Risk-reward turning favourable; structural story intact – upgrade to BUY
We upgrade Kalyan Jewellers to BUY (from Add) as over 35% correction in the stock price in last one year provides material margin of safety, in our opinion. We maintain our earnings estimates and expect Kalyan to deliver strong SSSG in FY26, supported by strong festive and wedding-led demand. We reiterate our positive stance on the stock as we believe it may continue to outperform peers on the back of 1) aggressive store expansion through its asset-light FOCO model, 2) adding growth levers from omni-channel format Candere, 3) improving balance sheet health through further debt reduction of INR 3.5–4.0bn in FY26. With steady demand trends despite elevated gold prices, coupled with an accelerating store rollout, we expect Kalyan’s revenue momentum to remain strong going ahead. We maintain TP of INR 670.
Despite higher gold prices, festive-led demand to drive double digit SSSG
Over the two last months, gold prices have risen by 15% (+42% YoY). Despite this, we expect Kalyan to deliver strong SSSG, aided by festive demand and the beginning of wedding season.
While the high base of Q2FY25 (37% revenue growth post the customs duty cut) poses a challenge, demand preponement into Navratri is likely to offset it. It is also ramping up the introduction of lower carat, lightweight jewellery, enabling affordable daily-wear purchases.

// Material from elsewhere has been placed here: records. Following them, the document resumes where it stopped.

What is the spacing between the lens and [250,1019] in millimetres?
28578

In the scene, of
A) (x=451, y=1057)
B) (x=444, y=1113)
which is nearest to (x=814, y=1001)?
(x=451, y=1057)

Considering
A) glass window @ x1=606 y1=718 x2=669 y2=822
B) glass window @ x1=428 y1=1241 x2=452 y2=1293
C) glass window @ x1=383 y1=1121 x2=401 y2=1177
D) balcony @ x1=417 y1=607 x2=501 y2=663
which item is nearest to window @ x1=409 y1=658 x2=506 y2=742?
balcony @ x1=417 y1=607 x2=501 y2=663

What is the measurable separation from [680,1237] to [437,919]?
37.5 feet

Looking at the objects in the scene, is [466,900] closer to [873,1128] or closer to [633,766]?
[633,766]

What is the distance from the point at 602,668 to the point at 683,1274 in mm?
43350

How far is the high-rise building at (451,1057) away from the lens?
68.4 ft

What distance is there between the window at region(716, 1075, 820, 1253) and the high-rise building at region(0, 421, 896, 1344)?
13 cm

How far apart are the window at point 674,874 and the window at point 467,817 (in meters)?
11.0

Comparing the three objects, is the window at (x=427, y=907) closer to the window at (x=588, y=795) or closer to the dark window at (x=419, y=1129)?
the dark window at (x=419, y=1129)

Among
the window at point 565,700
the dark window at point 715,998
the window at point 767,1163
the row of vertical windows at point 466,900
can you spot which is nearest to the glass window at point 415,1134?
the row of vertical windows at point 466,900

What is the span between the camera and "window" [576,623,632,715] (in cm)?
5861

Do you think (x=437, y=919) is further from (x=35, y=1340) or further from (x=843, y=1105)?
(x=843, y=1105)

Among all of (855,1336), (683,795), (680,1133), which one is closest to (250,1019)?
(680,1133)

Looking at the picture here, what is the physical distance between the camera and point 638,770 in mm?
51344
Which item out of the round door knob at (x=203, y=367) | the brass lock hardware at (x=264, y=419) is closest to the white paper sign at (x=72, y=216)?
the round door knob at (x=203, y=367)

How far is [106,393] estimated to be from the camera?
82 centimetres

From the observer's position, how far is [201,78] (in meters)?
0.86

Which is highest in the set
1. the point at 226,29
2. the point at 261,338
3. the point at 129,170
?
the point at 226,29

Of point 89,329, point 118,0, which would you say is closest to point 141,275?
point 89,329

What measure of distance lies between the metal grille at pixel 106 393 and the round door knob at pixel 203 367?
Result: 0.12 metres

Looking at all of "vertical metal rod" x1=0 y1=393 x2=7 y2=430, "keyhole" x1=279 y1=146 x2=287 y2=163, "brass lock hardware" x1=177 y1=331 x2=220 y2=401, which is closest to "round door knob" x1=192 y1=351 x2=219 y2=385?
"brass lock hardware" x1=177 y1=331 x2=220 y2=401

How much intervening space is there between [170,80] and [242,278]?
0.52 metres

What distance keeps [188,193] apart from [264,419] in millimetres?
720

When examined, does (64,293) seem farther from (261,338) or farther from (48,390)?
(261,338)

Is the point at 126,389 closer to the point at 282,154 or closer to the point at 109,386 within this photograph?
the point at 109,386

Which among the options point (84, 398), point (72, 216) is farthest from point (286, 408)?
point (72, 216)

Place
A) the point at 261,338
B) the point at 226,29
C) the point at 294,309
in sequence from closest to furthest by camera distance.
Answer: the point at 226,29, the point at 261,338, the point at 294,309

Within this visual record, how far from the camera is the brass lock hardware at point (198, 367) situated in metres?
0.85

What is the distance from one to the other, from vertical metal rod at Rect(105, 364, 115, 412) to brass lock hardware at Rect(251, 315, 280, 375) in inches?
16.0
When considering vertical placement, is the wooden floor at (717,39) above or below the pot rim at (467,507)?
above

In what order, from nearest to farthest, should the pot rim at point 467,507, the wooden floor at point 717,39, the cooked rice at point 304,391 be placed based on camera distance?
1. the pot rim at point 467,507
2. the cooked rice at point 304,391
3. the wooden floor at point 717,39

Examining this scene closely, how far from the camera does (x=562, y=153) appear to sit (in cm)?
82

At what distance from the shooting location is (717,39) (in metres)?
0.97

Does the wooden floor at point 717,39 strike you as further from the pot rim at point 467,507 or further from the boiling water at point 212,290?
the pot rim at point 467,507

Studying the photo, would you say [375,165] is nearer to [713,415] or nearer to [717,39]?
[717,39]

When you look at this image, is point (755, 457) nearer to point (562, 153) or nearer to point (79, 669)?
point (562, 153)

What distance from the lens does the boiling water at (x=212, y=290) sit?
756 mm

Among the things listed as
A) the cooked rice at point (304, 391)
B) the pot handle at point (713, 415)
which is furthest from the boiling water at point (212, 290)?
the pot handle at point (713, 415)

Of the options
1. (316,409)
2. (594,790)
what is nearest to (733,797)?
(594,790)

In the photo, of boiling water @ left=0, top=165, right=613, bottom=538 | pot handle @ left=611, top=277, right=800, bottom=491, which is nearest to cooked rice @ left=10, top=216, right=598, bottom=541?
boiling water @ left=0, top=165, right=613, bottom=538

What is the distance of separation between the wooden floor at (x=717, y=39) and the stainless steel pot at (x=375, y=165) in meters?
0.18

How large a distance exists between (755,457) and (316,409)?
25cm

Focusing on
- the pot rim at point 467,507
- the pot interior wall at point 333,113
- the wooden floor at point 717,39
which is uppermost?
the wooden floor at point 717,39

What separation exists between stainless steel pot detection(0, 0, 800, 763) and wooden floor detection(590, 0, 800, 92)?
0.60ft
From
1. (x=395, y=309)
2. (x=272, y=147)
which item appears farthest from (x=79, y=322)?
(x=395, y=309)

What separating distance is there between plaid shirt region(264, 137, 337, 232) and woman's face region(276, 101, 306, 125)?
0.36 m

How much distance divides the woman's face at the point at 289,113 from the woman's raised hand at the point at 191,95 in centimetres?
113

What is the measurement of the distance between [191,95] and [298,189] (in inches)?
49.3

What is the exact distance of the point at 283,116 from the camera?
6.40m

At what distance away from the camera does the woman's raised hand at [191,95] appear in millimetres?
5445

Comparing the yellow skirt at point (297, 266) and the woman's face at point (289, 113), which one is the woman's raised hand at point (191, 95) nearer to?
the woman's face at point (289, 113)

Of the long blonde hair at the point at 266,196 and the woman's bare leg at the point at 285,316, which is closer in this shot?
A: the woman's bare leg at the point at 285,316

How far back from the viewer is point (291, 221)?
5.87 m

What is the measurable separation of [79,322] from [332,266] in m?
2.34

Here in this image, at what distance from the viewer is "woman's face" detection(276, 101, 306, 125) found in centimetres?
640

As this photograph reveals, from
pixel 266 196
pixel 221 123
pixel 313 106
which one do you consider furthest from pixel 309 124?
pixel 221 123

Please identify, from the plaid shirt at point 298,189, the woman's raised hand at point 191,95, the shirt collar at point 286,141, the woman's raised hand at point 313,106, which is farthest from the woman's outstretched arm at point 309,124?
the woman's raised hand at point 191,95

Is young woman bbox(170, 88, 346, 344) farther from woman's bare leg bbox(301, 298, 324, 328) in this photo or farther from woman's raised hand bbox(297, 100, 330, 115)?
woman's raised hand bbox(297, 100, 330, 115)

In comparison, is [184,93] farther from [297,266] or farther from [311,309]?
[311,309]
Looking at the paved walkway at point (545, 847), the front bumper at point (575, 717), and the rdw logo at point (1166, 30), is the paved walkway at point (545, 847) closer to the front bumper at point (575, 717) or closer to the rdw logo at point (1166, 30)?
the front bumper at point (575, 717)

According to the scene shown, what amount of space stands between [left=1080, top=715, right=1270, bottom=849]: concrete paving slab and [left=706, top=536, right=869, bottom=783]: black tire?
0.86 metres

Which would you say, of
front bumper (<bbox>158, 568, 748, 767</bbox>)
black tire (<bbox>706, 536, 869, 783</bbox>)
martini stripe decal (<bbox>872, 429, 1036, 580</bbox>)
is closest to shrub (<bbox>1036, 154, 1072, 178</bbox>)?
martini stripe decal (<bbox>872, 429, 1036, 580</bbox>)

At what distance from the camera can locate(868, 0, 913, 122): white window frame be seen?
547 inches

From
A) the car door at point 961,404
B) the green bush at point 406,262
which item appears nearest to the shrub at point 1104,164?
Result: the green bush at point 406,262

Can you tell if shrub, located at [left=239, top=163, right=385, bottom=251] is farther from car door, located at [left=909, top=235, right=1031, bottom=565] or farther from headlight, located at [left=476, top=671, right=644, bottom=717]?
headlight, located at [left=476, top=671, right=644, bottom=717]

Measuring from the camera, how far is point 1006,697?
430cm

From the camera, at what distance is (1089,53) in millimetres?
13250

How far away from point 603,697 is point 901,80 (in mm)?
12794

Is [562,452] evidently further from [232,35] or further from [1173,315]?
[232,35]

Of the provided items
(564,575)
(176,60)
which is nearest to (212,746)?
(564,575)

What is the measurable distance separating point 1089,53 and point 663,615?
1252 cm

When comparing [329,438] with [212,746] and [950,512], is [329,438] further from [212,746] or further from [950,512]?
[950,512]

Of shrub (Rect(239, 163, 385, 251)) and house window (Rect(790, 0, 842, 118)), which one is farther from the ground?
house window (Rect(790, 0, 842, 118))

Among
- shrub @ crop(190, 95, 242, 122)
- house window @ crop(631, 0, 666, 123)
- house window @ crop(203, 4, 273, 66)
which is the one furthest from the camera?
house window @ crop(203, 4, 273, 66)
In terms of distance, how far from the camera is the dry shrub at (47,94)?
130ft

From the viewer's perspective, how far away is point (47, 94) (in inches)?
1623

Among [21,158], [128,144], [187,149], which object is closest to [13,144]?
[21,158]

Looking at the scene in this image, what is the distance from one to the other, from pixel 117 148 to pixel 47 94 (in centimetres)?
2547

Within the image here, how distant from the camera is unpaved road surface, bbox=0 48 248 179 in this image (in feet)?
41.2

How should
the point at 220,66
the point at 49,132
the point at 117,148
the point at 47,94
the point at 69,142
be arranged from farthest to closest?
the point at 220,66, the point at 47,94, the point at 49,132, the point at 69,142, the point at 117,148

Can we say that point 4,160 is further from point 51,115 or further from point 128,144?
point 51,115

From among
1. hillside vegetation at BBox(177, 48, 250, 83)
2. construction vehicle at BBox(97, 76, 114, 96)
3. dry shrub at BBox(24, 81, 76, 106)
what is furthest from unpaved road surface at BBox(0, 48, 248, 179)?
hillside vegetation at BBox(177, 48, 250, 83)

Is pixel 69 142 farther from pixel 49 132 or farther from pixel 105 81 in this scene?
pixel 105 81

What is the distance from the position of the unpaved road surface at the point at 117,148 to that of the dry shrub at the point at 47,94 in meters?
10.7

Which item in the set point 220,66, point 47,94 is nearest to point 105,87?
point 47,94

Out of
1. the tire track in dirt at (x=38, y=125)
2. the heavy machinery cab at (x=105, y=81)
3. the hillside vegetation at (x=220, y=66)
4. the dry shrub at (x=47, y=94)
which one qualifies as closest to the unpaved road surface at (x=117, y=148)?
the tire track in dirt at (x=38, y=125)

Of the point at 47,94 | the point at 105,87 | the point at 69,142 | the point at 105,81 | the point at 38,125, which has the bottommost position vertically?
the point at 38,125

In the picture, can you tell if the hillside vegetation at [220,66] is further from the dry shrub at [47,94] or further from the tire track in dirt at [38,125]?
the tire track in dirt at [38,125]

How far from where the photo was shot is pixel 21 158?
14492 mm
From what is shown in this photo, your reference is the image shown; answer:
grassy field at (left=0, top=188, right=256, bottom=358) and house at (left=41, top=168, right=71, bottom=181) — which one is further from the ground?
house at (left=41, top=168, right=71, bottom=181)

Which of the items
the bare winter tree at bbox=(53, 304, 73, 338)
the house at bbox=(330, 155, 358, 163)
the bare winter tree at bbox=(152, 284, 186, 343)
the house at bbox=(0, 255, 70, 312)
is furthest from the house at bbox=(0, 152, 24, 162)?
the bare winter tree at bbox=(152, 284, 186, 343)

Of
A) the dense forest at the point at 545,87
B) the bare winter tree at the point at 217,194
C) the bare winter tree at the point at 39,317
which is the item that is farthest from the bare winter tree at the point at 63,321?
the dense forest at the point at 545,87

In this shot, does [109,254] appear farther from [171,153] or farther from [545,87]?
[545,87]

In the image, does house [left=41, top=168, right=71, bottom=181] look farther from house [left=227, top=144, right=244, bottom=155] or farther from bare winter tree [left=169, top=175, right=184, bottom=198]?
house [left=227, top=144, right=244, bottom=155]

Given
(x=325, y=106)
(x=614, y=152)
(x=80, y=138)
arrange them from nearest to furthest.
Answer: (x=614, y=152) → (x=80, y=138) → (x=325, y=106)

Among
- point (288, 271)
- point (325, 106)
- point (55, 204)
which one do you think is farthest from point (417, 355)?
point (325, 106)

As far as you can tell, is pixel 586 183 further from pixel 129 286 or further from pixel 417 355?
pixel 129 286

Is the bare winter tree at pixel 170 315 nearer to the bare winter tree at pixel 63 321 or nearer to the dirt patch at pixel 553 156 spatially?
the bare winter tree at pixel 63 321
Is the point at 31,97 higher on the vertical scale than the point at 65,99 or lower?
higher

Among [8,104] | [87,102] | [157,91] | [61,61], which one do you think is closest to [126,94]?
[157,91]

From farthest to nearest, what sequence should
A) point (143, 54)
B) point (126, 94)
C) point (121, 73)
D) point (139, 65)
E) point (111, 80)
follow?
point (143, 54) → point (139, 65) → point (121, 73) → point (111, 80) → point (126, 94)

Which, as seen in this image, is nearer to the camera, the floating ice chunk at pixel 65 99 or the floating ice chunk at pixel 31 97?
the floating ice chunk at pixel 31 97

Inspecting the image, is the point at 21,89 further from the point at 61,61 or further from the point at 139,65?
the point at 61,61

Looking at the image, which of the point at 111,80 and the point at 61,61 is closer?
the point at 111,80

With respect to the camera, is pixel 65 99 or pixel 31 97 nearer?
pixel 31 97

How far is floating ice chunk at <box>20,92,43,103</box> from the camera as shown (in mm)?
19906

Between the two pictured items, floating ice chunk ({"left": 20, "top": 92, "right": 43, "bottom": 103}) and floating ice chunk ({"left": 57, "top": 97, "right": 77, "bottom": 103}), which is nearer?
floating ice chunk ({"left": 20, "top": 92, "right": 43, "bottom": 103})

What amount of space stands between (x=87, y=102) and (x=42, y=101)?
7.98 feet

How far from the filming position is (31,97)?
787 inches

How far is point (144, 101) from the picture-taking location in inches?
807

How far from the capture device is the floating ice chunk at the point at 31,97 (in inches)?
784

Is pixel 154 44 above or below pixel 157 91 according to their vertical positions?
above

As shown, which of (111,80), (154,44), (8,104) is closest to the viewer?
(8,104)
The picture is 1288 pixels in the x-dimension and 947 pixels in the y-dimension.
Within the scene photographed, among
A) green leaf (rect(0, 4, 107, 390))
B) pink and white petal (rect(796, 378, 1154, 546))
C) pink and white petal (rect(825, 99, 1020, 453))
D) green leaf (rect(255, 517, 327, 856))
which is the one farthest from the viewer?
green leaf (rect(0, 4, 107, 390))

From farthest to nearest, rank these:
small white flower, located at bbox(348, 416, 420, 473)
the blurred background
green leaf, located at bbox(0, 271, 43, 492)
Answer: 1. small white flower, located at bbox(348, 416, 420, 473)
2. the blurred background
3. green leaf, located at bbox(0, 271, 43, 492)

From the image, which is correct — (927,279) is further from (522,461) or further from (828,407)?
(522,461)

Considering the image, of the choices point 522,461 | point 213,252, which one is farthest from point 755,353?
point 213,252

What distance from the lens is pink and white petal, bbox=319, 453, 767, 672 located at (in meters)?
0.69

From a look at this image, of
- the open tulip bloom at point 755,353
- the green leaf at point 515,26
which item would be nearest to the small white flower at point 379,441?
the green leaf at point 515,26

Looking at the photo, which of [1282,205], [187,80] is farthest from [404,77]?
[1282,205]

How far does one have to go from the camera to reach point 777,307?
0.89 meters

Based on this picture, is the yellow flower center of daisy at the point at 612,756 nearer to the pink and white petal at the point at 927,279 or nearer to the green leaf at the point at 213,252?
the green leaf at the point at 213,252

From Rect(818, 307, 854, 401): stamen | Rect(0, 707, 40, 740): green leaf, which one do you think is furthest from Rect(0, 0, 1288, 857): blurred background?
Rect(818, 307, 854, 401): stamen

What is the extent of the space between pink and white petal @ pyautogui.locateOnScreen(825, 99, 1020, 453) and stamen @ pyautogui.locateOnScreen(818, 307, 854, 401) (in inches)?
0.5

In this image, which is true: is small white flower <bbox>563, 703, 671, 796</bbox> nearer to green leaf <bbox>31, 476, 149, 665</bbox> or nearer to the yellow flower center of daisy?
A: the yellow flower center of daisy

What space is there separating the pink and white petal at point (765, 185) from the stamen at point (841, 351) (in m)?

Aggressive store rollout and Candere expansion
Over FY23–25, Kalyan added 152 stores through FOCO model. For FY26, management has reiterated guidance of 90 new stores, largely FOCO-driven. In Q1, Kalyan added 10 new showrooms in India, taking the global store count to 287 (161 FOCO; 126 COCO).
Kalyan is focusing on Candere’s aggressive expansion by growing its retail footprint from a digital-first brand to an omni-channel retailer. The company has also appointed Shah Rukh Khan as a brand ambassador for Candere. The expansion aims to bring Candere’s lightweight lifestyle jewellery to customers by creating a seamless online and offline shopping experience. The company has added 70 stores in the last 18 months and aims to add 80 stores in FY26. Candere is now at 81 stores (41 FOCO), delivered INR 1.9bn TTM revenue and continues to scale via FOCO model; it expects to turn PAT positive by FY26-end. Management highlighted stable margins and improving productivity across clusters, reinforcing confidence in its omni-channel strategy.
Additionally, Kalyan plans to launch new regional brands in CY25, with hyperlocal positioning tailored to specific cultural and market preferences – aimed at deepening penetration and enhancing relevance.
Asset-light model driving returns and capital efficiency
Kalyan reduced working capital debt by INR 5.2bn in FY25, with further targeted reduction of INR 3.5–4.0bn in FY26 (pending release of INR 2bn excess collateral). Capex remains contained at ~INR 1.5bn in FY26.
The FOCO rollout has accelerated capital-efficient scaling, improving RoCE to 21.8%, RoE to 17.8% and inventory turns to 3.2x. Net debt-to-equity (ex-GML) remained negligible at ~0.02x, highlighting strong internal accruals and disciplined capital allocation. In our view, the continued FOCO-led expansion of both Kalyan and Candere could further strengthen the return profile.
Valuation and risks
We maintain our estimates, modelling in revenue/EBITDA/PAT CAGR of 28%/28%/38% over FY25–27E. After the recent stock price correction, we upgrade Kalyan to BUY (from Add) with an unchanged DCF-based target price of INR 670, as risk-reward has turned favourable. At our TP, the stock would trade at 43x FY27E EPS. Key risks: Delay in showroom expansion and potentially higher competitive intensity in core South Indian markets.